» **Instructions to follow**
The records follow. Copy them exactly, but omit the pictures.

------------

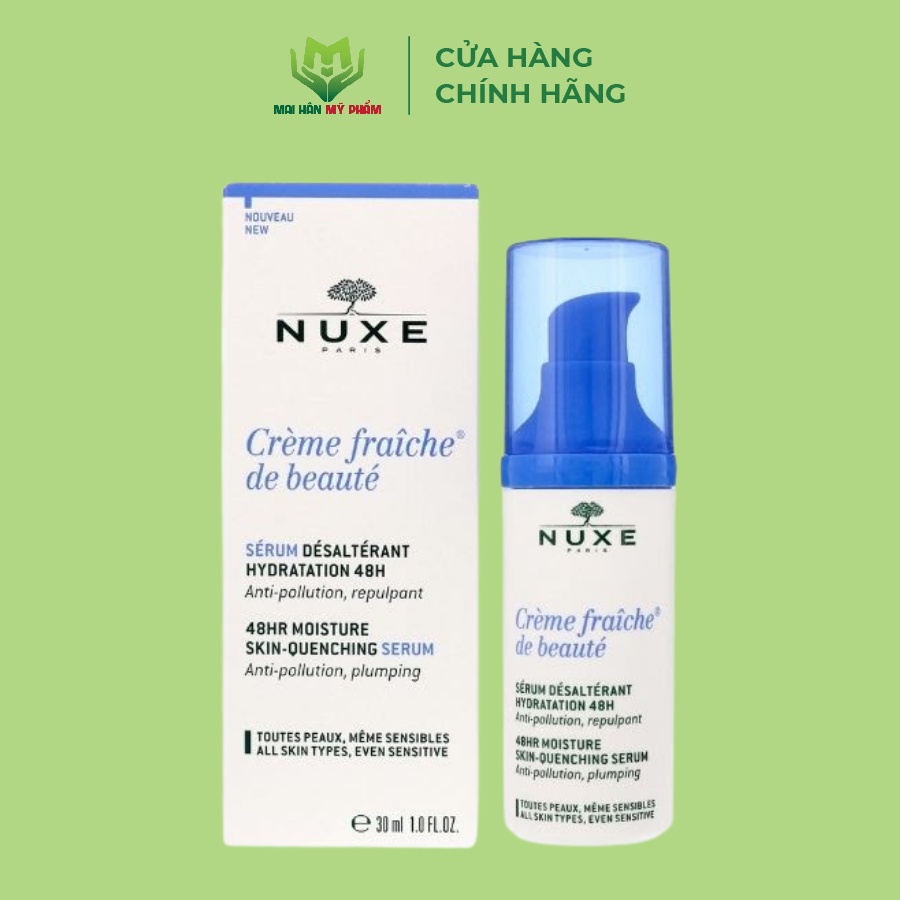 Serum Dưỡng Ẩm 48h Nuxe Creme Fraiche De Beaute 48h Moisture Skin – Quenching Serum 30ml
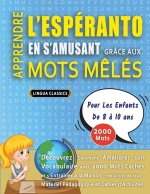 APPRENDRE L'ESPÉRANTO EN S'AMUSANT GRÂCE AUX MOTS M?LÉS - POUR LES ENFANTS DE 8 ? 10 ANS - Découvrez Comment Améliorer Son Vocabulaire Avec 2000 Mots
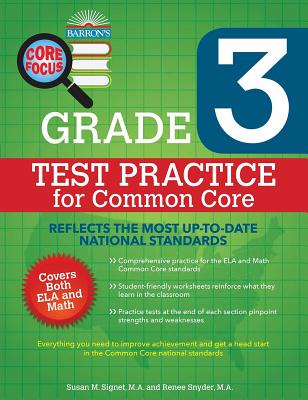 Core Focus Grade 3: Test Practice for Common Core - Signet, Susan M, and Snyder, Renee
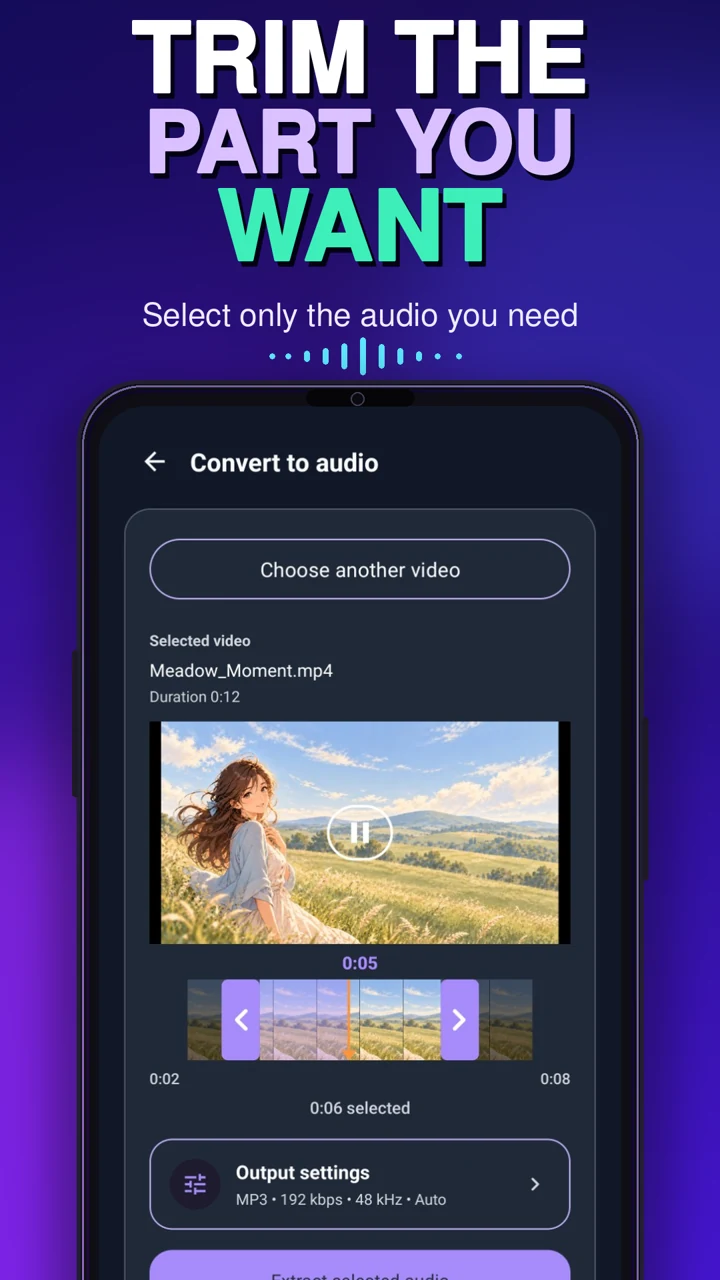 Trim the part of the video you want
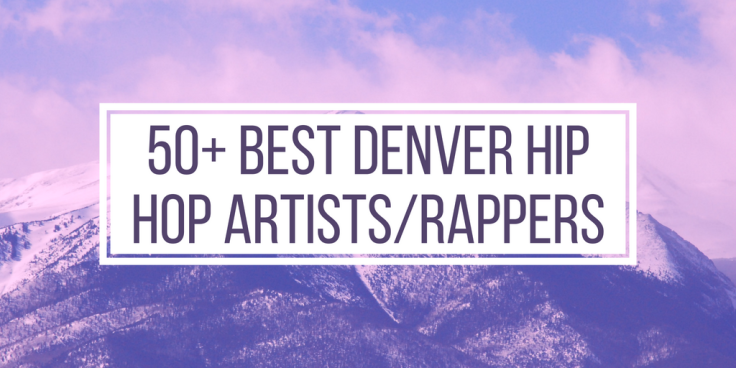 50+ BEST DENVER HIP HOP ARTISTS_RAPPERS.png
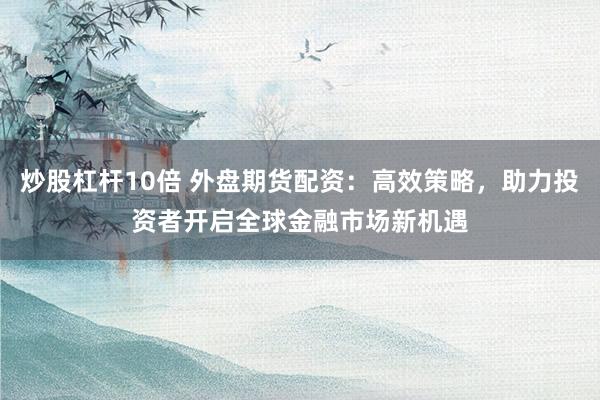 炒股杠杆10倍 外盘期货配资：高效策略，助力投资者开启全球金融市场新机遇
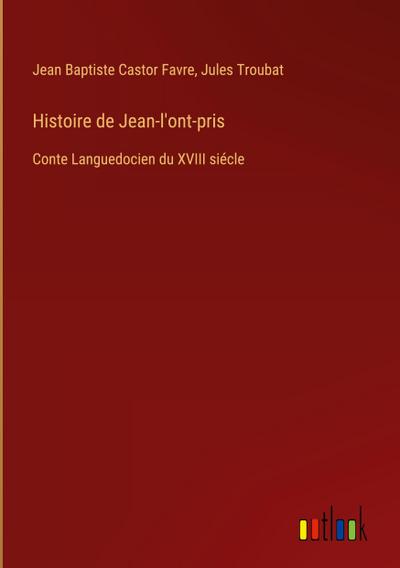 Histoire de Jean-l’ont-pris
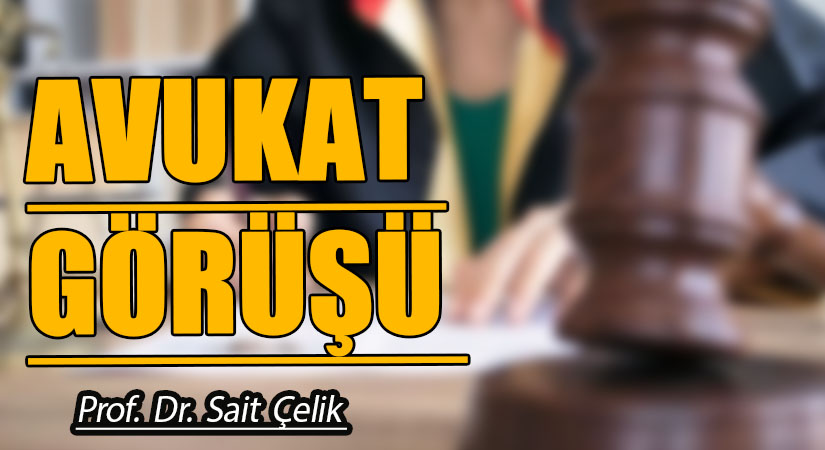 AVUKAT GÖRÜŞÜ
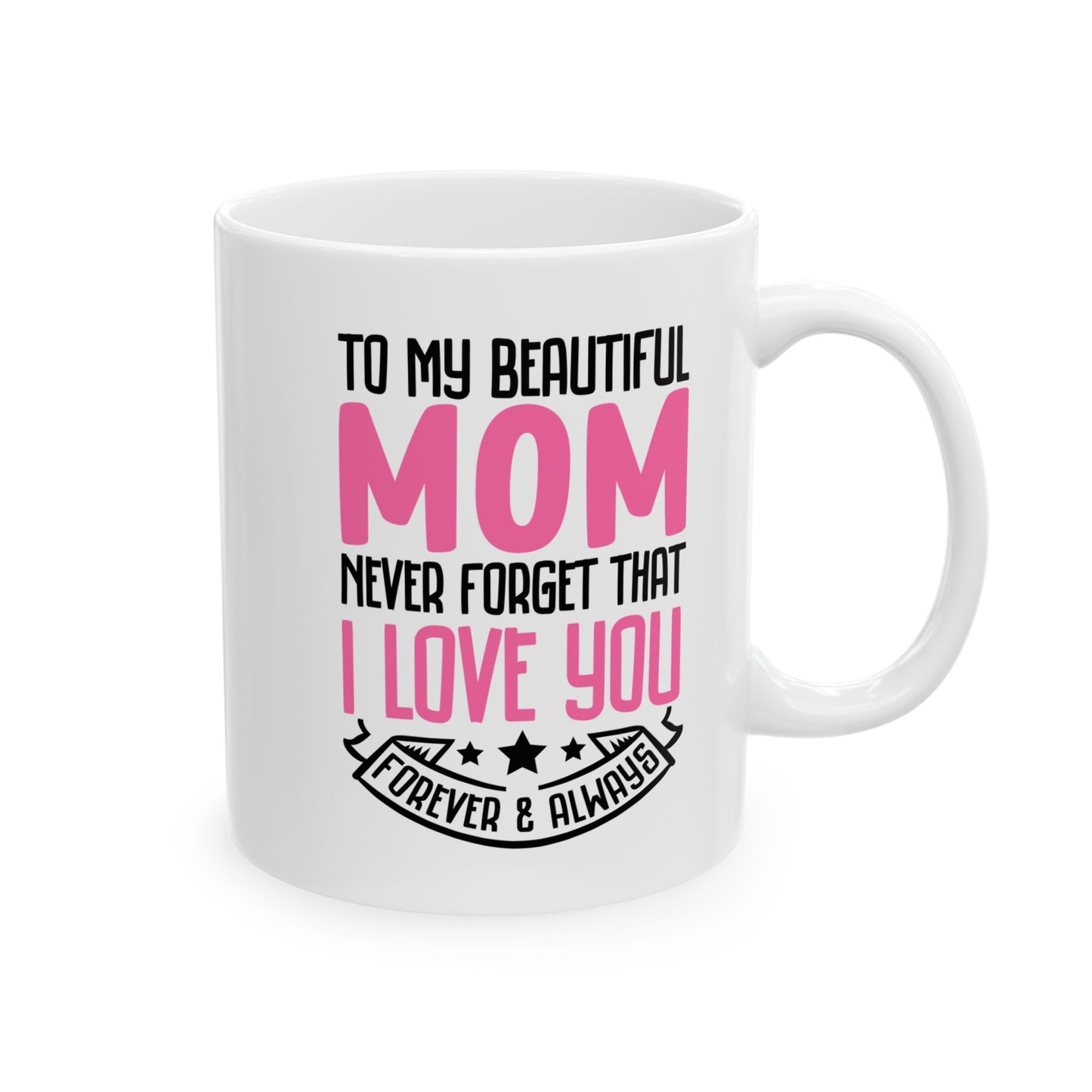 Mom Mug, (11oz, 15oz)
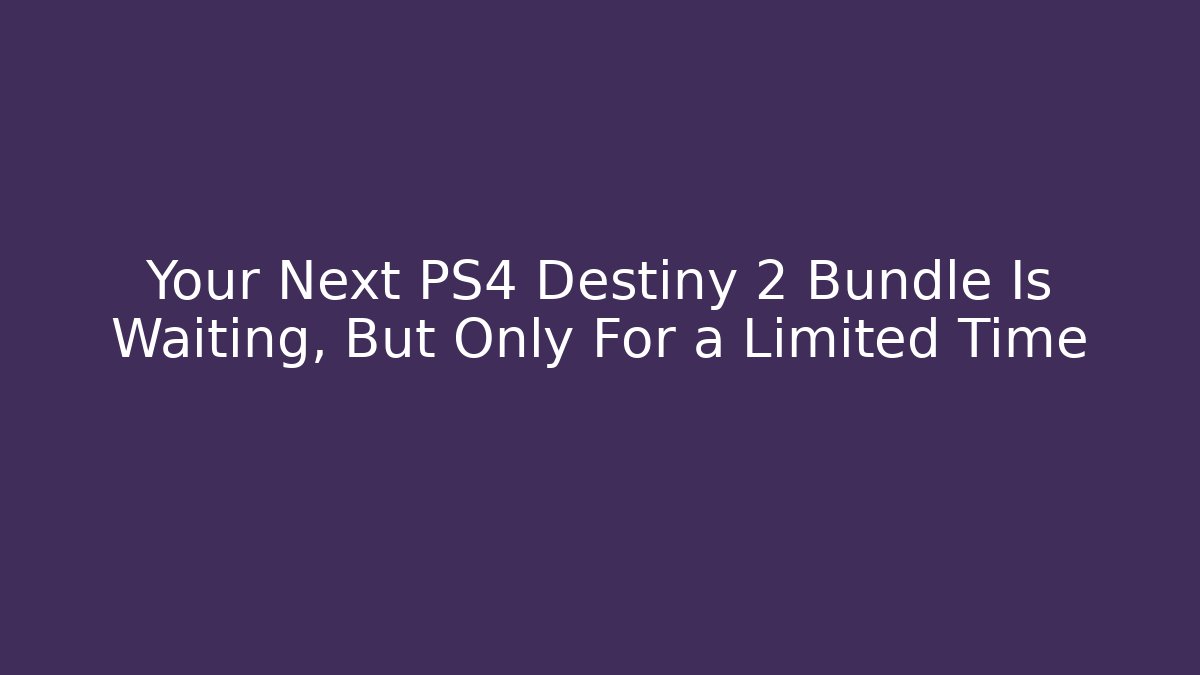 Your Next PS4 Destiny 2 Bundle Is Waiting, But Only For a Limited Time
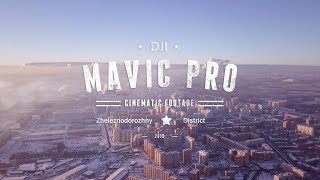 DJI Mavic Pro - Cinematic Video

------------

» **Solution to the exercise**
 Serum Dưỡng Ẩm 48h Nuxe Creme Fraiche De Beaute 48h Moisture Skin – Quenching Serum 30ml
 APPRENDRE L'ESPÉRANTO EN S'AMUSANT GRÂCE AUX MOTS M?LÉS - POUR LES ENFANTS DE 8 ? 10 ANS - Découvrez Comment Améliorer Son Vocabulaire Avec 2000 Mots
 Core Focus Grade 3: Test Practice for Common Core - Signet, Susan M, and Snyder, Renee
 Trim the part of the video you want
 50+ BEST DENVER HIP HOP ARTISTS_RAPPERS.png
 炒股杠杆10倍 外盘期货配资：高效策略，助力投资者开启全球金融市场新机遇
 Histoire de Jean-l’ont-pris
 AVUKAT GÖRÜŞÜ
 Mom Mug, (11oz, 15oz)
 Your Next PS4 Destiny 2 Bundle Is Waiting, But Only For a Limited Time
 DJI Mavic Pro - Cinematic Video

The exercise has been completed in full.